Your ability to come around and provide a solution to that problem, to provide a bridge between need and outcome ‒ the hard part of the sale is done. The hard part of the sale is convincing someone of the problem and getting someone to commit to change; that is the heart of the sale. And what’s exciting to me as a marketer is that marketing can drive that entire process. The hardest part of the sales process is completely within marketing’s purview to maintain and manage. It’s exciting.

Marketing Tactics

Michelle:

What tactics do you see working best? Is that typically a content marketing thing? Is it physically an inbound thing? How do you think about addressing that from a marketing standpoint?

Matt:

Well the beautiful thing is that if you’ve got the right approach, if you’ve got the right message, the channel you use needs to align with who you’re targeting and what they tend to want to engage with. I’ve talked to a lot of folks who are selling an enterprise at Salesforce. And oftentimes when I’ll say, ‘What are the best channels to reach your enterprise targets, your C-level enterprise targets?’ the answer I hear is it’s not direct mail, it’s not email, and it’s not Twitter ‒ it’s dinners.

Go into a market you care about, find a great place to eat, a great meal, some great wine, and invite 30, 40 people in the room ‒ 70 percent prospects, 30 percent customers and partners ‒ and have an agenda, have things you want to talk about. But do not bring out the projector, do not pitch; have an interesting conversation with people that are birds of a feather, that can learn from each other. You network with some peers and you get some good wine. Plenty of time to have the business conversation later, but you set the foundation, you get the attention.
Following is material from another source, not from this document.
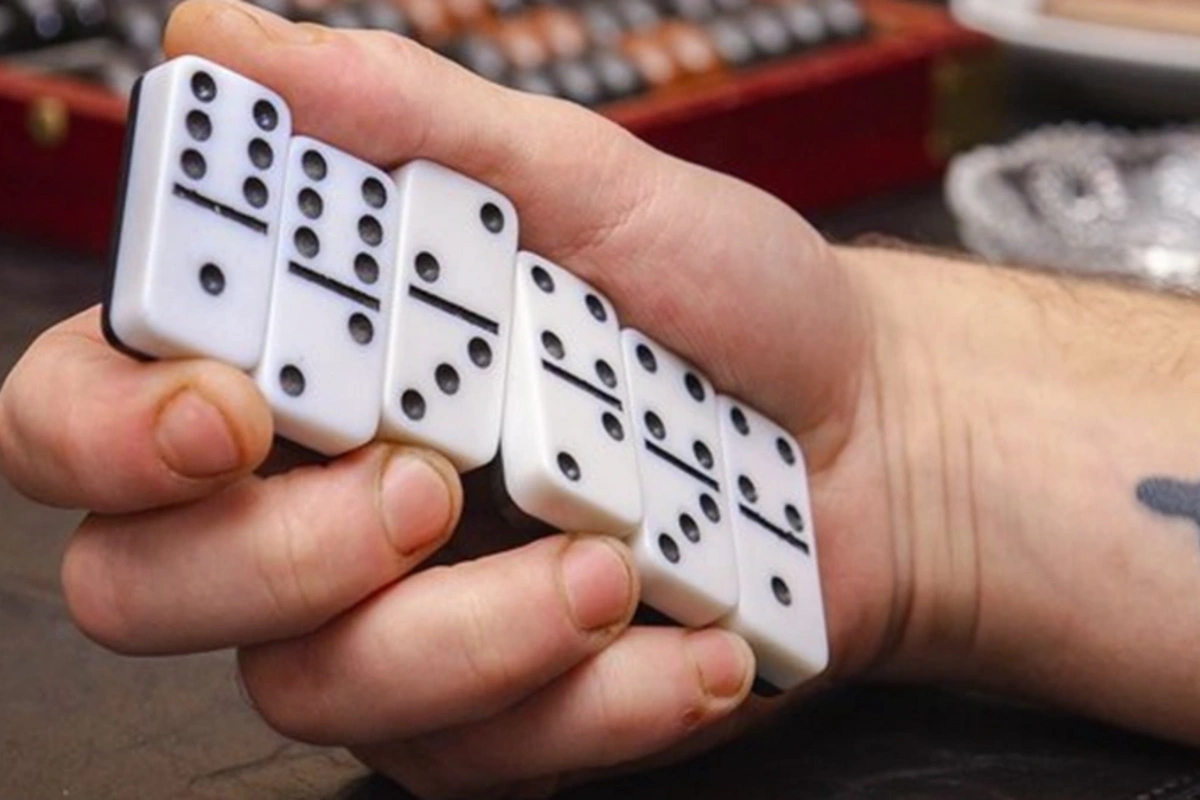10 qəpikdən domino oynadılar - 3 min manat cərimələndilər 10 qəpikdən domino oynadılar - 3 min manat cərimələndilər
And ideally in that dinner you’ve got their attention, you’ve done a little bit status quo challenging, and then you can take things from there.

Now that doesn’t scale. You’ve got a bunch of system administrators, or, if you’re trying to sell Dreamforce tickets, you’re not going to take everyone to the best place in town just to get a Dreamforce registration. You’ve got to understand the economics of your sales process and what it’s worth to get someone in the door. But I think the tactical opportunities, the channel opportunities to marketers are wide open right now.
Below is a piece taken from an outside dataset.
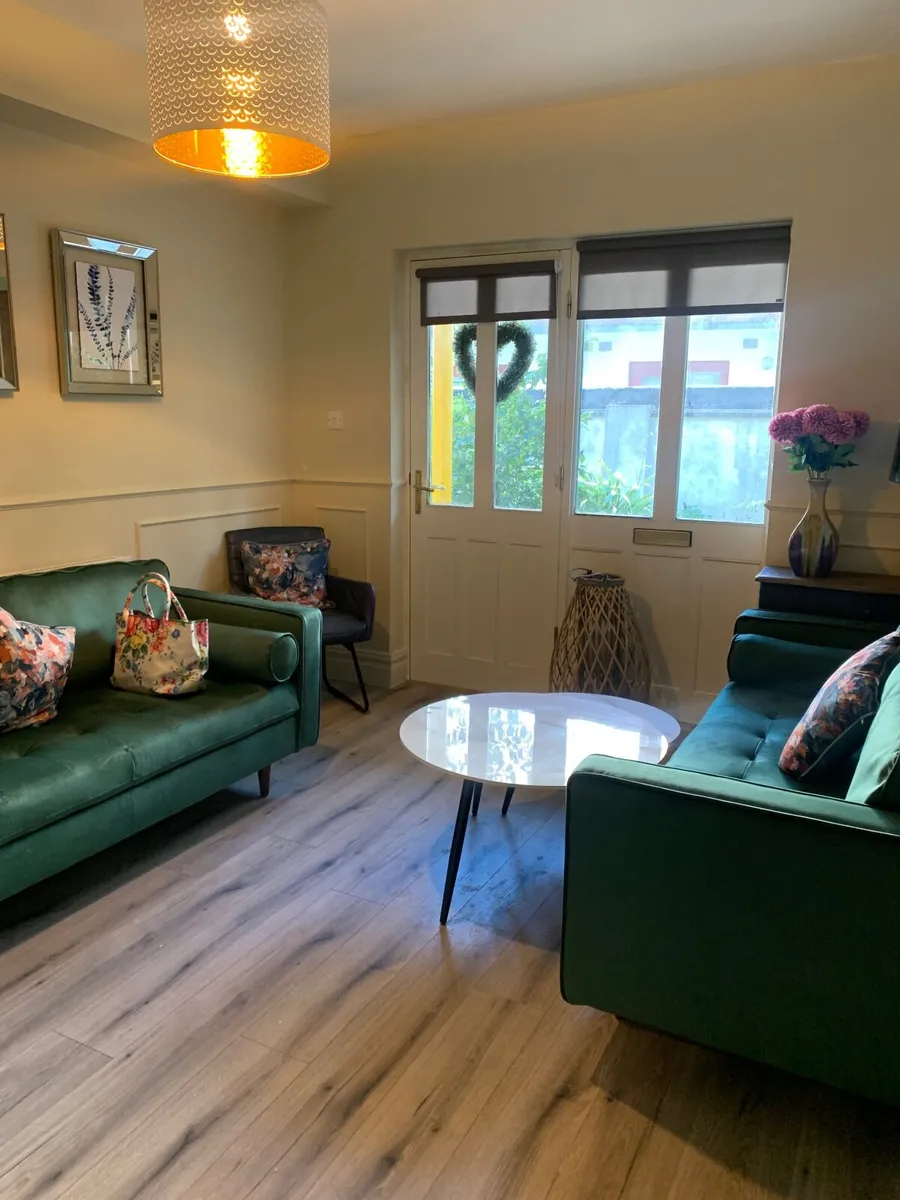 Galway city apartment to rent visit elf town - Image 1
What if you were to increase the cost and time and attention it took to get people into the pipeline, but you were doing that in a category or in a vertical or with certain attributes of prospects that led to triple the lifetime value of those signed deals versus others you had before? What do you really care about? Do you care about cost per leads? Or do you care about lifetime value, and profitability, and margin for the business? I’ll guarantee that if you go to your CFO’s office, your CFO doesn’t care about the MQL.